Instead of looking to the budget of the police force for finding funds for the city’s school system, Mayor Pugh and City Council members should start looking within their own offices for funds to allot to the schools. Eliminate the waste in their own offices – decrease the number of paid staff workers each city councilperson has and use volunteers as alternatives; pay for their own travel expenses; etc. etc., etc.

Maybe it’s time for those who hold political office to demonstrate they are really public servants who truly serve the people. They can make some personal sacrifices themselves, even taking a cut in their own salaries.

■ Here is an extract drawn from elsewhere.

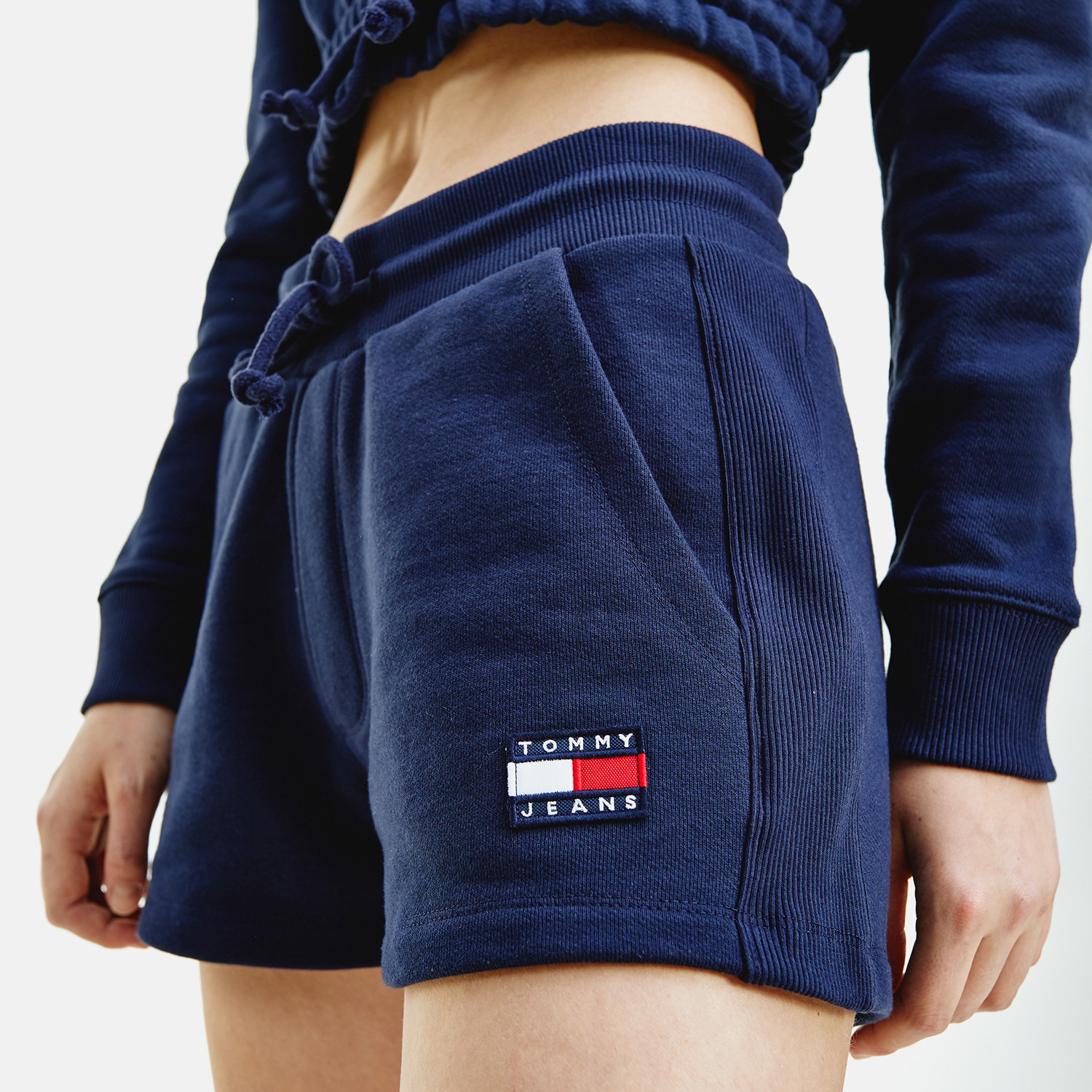 Tommy-Jeans-Badge-Γυναικείο-Σορτς-9000074840_45076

It is imperative to make the school system better. My tutor mentor program can do this. For citizens of Baltimore City, the wacko, left wing social engineering programs have been a failure for the last 25 years. Not only is Mayor Pugh at fault for wanting to downsize the Baltimore City police department’s budget, but so are the gutless, phony career politicians including the Baltimore City Council members who do not have the courage to stand up to Mayor Pugh and tell the truth.

Ralph Jaffe
Teacher
Baltimore

End animal trafficking

I commend the writer of “Compassion for test animals,” 3-16-17 regarding her concern about the lives of lab research animals after they are no longer used. However, I take issue with her assertion that animal shelters and rescue groups have excellent track records for making adoption decisions.

I can attest to the fact that not all animal shelter and rescue groups warrant ratings of excellence. I was a victim of a phony animal rescue group that took advantage of my love for my dog when I was compelled to give him up. When the group’s representative readily accepted a check for $250.00 for their services, I was assured a loving home would be found for my dog and pictures would be sent to me. However, those assurances came to naught. To this day I do not know what happened to my dog.

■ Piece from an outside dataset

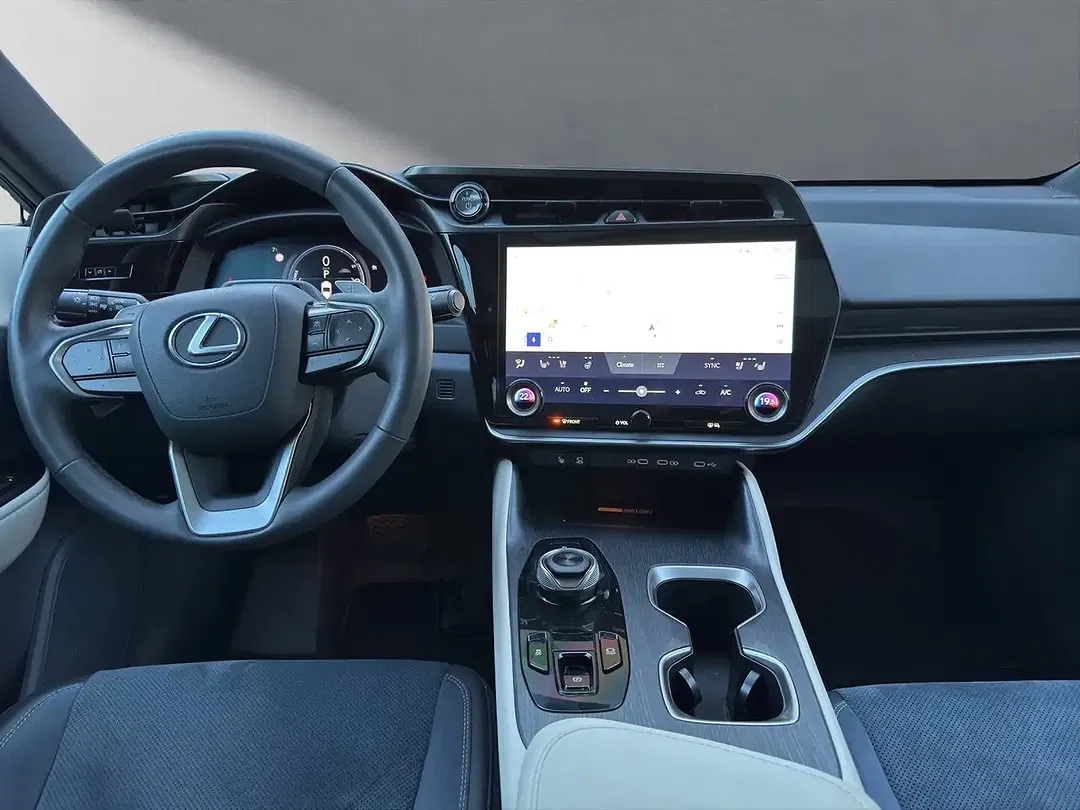 Lexus RZ - Thumbnail 11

After doing some research, I learned from the interim director of the Baltimore County animal shelter that a number of phony animal rescue groups engage in animal trafficking, and it is a chronic problem in the state. I was told that one effective tool for tackling this issue would be to revise the Annotated Code of the Maryland Komar Law 15.14.04. Any future animal rescue group which has not been registered would need to be registered with the Department of Agriculture.

Therefore, I maintain that while there may be many committed and dedicated animal shelter and rescue groups, unfortunately, there are many animal shelter and rescue groups who are only dedicated and committed to ripping people off.

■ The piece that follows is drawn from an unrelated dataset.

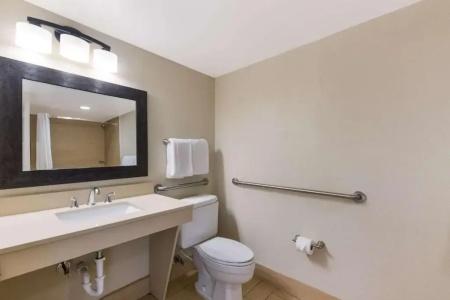 Comfort Inn South Oceanfront - 26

I hope readers will contact their legislators to get legislation pre-filed in next year’s state legislative session which would call for the much needed revision of the Maryland Annotated Komar Code of Law.

Ralph Jaffe
Teacher
Baltimore

More animal cruelty

The article “U.S. policy change imperils effort to stop ’puppy mills’” 3-10-17 bespeaks of the larger issue, that of cruelty to animals. Another clear but little publicized example of the maltreatment of animals is related to phony, unlicensed animal rescue groups who take advantage of innocent dog owners, when for legitimate reasons, are forced to give up their dogs for adoption.

I speak from experience, for I was a victim of such a group. Having been promised the group would find a good home for my dog, Goodie, one of the representatives accepted a $250.00 check with the understanding the group would find a loving home for my dog. I was also assured I would receive pictures of the dog in his new home along with his new owner. But, those assurances turned out to be empty words. While the situation occurred about 3 years ago, to this day, I still do not know what happened to my dog.

Upon some investigation I learned from an interim director of the Baltimore County animal shelter that this situation has been a chronic problem throughout the state of Maryland. The name for it is animal trafficking and what needs to be done is change the Annotated Code of the Maryland Komar Law 15.14.04 . A requirement should be made that all future animal rescue groups which have not been registered must be registered with the Department of Agriculture.

Sad to say, my delegate, Shelly Hettleman, refused to listen to numerous callers who requested she introduce such legislation. She disseminated misinformation about the matter, declining to correct the misinformation and to introduce the legislation. Another state senator from Montgomery County,
Susan Lee who had a reputation as a dog lover, also rebuffed the request to introduce the legislation.

So…..I’m asking readers to voice their opinion on the attitude demonstrated by these politicians. I am hoping, with the help of your readers, that one courageous state legislator will stand up and have the courage to get this legislation prefiled in next year’s state legislative session.

Ralph Jaffe
Teacher
Baltimore

Some good news

Finally a smidgen of good news for the citizens of Baltimore City. The move by Baltimore Police Commissioner Kevin Davis to deploy 46 officers from the centralized intelligence unit back into uniformed patrol is a good move (“Davis: Cops back in uniform,” 3-9-17). The question, though, is why did it take so long to “get it right”?

What’s more, I believe it can be said, it’s still not nearly enough.
Once again, Commissioner Davis refuses to really be candid with Baltimore City citizens. The Baltimore City Police Department remains at least 500 officers short of the number they need to be.

City Councilman Brandon Scott’s comments concerning the continued use of proactive policing under the direction of district commanders reflects a reluctance on his part to acknowledge the shortage of police officers. He along with the Mayor and his Baltimore City Council colleagues need to deal in straight talk.

It’s a “must”

The editorial, Ethics in Annapolis,” 2-27-17 is a must for me to respond to. The editors take issue with the quote, “culture of corruption” in Annapolis voiced by a judge 15 years ago, claiming it’s not applicable to most officials who serve the public honestly.

Yet your opening sentences point out the federal indictments involving a current and former member of the General Assembly along with the investigation of Delegate Morhaims’s conflict of interest.

These are not the only offenders. In actuality we have witnessed moral bankruptcy in Maryland government for the last 50 years not only in the legislative branch but the executive office as well. Should we bring up the names of previous governors, one who was sent to jail and one who was forced to resign as vice president of the U.S.

As for officials serving the public honestly, I’m sorry to say that “honesty” has become a relative term. What degree of honesty are you referring to? A public servant should not even give the slightest appearance of doing anything wrong. To be honest is to be honest without any modifications. It’s my contention the political behaviors of the General Assembly members preclude them from being in that category.

The best thing the General Assembly could do, for the welfare of Maryland taxpayers, would be to take an unpaid vacation for 11 1/2 months, and return to work 2 weeks to approve the state budget. That’s all they need for the task, and the 2 week pay is more than generous.